Let's take n = 13 and k = 2.

1. curr = 1, k = 1
2. steps(13, 1, 2) = min(14, 2) - 1 + min(14, 20) - 10 = 1 + 4 = 5
3. Since 5 > 1, curr = 10, k = 0
4. Return 10

Big(O) Run-time Analysis

The time complexity is O(log n + k). The steps function takes O(log n) in the worst case because the while loop multiplies curr and next by 10 in each iteration until curr exceeds n. The outer while loop runs until k becomes 0, so it takes O(k). Thus, the total run-time complexity is O(log n + k). However, since k <= n, in the worst case, this can also be represented as O(n).
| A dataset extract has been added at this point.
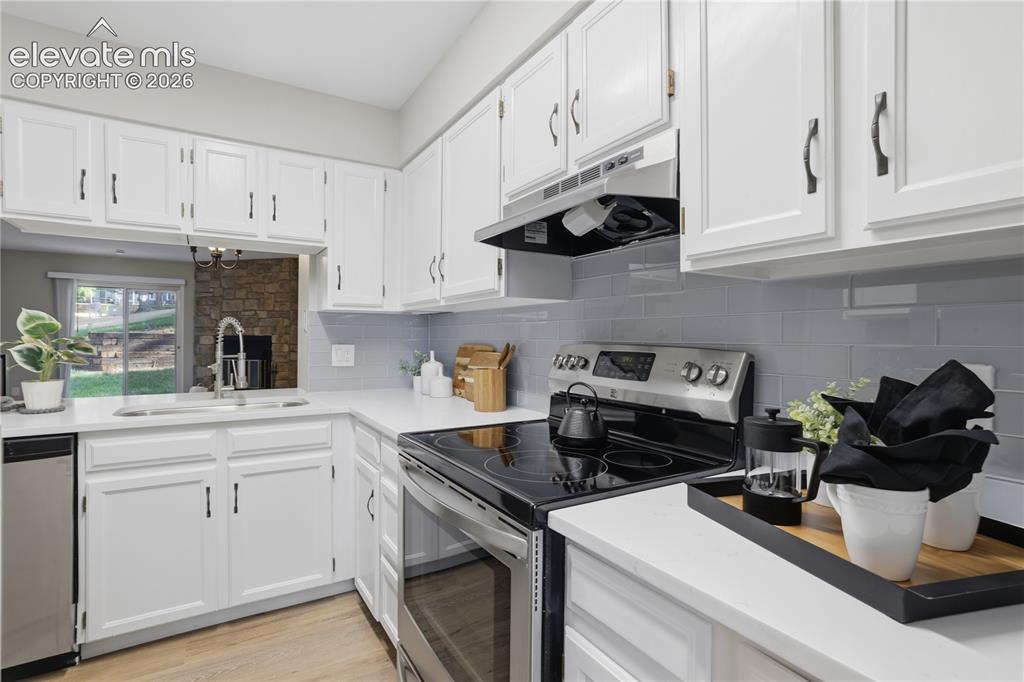 Image 16 of 34: Kitchen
Big(O) Space Usage Analysis

The space complexity is O(1) because the algorithm uses only a few constant variables. It does not use any additional data structures that scale with the input size n or k.

Edge Cases

1. n = 1, k = 1: The algorithm should return 1. The provided solution handles this case correctly.
2. k = 1: The algorithm should return 1. The provided solution handles this case correctly.
3. n is very large: The algorithm handles large values of n because it doesn't store all numbers from 1 to n. It calculates the count of numbers dynamically using the steps function.
4. k is close to n: The algorithm handles larger k as well by incrementing curr until the target k is found.